In a discussion of identity and authenticity, it feels the “realest” to me to write from a self-examined perspective. To begin questioning my own authenticity, I must first understand how much of my identity as a “person” has been influenced by my formative Hip Hop experiences growing up as a “dancer”, how much of it has been contextualised by my understanding of the world, and how “real” I have been towards embodying my supposed “identity.”

 

It’s unfortunate to admit that this essay is unfinished - in a sense - as I am only able to discuss briefly the concepts of identity and authenticity in Hip Hop and breaking in Singapore from the perspective of a young Singaporean growing up in the local breaking scene, who is now questioning his place in the culture.

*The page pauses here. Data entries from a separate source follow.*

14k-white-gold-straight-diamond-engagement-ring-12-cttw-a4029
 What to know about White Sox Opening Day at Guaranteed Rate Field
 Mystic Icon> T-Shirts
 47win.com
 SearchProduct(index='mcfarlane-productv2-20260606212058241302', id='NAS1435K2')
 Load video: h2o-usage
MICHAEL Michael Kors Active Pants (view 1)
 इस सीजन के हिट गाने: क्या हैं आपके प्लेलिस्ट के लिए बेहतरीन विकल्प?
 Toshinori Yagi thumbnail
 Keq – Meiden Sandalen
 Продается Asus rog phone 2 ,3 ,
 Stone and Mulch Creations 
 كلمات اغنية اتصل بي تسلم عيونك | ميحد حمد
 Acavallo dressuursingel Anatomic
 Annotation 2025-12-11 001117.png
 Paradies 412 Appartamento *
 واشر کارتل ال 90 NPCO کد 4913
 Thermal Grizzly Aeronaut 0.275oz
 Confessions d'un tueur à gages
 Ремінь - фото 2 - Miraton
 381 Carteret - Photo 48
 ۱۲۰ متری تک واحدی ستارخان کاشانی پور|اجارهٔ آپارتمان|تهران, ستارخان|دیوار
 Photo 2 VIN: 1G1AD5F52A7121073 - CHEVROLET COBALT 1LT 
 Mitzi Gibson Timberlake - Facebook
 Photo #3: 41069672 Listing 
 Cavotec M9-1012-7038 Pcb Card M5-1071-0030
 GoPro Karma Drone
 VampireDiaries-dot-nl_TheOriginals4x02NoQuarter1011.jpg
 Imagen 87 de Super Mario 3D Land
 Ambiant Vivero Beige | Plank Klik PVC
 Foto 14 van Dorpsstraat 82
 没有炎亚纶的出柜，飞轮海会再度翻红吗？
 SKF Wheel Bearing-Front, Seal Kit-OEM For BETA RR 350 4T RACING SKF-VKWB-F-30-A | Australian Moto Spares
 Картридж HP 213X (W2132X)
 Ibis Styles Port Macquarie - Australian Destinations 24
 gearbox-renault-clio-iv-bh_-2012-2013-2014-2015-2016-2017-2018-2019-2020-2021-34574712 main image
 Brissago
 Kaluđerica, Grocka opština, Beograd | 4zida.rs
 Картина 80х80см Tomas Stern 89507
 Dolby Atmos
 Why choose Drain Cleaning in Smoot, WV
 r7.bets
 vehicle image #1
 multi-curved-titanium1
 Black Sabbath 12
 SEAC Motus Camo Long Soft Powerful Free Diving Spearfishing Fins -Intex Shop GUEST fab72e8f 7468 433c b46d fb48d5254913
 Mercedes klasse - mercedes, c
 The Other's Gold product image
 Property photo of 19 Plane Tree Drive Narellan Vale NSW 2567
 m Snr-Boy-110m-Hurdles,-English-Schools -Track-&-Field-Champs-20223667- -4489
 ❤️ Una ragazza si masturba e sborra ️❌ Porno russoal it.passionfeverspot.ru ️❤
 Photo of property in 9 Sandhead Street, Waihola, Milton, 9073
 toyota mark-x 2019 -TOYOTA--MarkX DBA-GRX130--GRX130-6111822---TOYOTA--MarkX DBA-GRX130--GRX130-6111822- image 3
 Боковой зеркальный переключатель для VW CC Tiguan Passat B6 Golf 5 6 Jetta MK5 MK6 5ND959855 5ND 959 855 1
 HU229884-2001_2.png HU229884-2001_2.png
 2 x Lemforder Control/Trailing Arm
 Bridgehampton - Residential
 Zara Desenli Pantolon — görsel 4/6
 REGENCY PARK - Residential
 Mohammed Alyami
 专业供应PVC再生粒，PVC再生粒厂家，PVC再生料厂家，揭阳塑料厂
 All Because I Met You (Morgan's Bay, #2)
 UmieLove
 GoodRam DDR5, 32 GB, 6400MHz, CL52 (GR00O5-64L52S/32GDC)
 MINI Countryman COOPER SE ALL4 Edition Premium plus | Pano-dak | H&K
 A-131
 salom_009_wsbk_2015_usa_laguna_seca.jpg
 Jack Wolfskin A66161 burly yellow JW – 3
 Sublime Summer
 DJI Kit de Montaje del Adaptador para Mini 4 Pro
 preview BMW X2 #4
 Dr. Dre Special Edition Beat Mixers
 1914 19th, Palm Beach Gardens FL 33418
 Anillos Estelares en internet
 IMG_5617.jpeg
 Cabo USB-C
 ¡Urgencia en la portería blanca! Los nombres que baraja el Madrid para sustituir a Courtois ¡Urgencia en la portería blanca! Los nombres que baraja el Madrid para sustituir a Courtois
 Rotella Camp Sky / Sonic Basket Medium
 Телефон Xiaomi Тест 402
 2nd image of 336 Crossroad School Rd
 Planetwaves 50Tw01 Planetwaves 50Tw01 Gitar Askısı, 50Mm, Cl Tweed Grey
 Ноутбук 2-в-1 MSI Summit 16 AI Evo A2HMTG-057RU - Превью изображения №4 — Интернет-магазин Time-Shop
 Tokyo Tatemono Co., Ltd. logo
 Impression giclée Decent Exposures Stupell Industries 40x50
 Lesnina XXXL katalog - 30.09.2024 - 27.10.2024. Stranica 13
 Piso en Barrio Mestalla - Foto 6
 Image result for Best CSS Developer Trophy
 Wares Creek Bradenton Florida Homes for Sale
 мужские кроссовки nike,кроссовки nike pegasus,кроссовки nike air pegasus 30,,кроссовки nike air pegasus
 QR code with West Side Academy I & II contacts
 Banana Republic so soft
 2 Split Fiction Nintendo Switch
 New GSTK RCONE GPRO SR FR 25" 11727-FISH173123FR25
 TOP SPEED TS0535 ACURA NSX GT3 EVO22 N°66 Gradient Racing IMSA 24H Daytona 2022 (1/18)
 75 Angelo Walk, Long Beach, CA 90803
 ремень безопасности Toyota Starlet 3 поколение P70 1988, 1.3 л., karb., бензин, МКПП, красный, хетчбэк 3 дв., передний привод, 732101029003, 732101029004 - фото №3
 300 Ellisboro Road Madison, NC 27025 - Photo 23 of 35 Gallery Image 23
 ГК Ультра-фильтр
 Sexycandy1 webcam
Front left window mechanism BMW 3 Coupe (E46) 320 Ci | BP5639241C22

Whilst still underdeveloped, this essay lives as a precursor towards my future works in uncovering further questions on authenticity and identity in the Singapore Hip Hop scene; maybe towards a day in the future when we can all finally say - with confidence - that This Dance Is Really Our Own.

Real Recognises Real

“Instead of flow for flow let's go show for show

Toe for toe, yo, you better act like you know

Too many MC's take that word 'emcee' lightly

They can't Move a Crowd, not even slightly”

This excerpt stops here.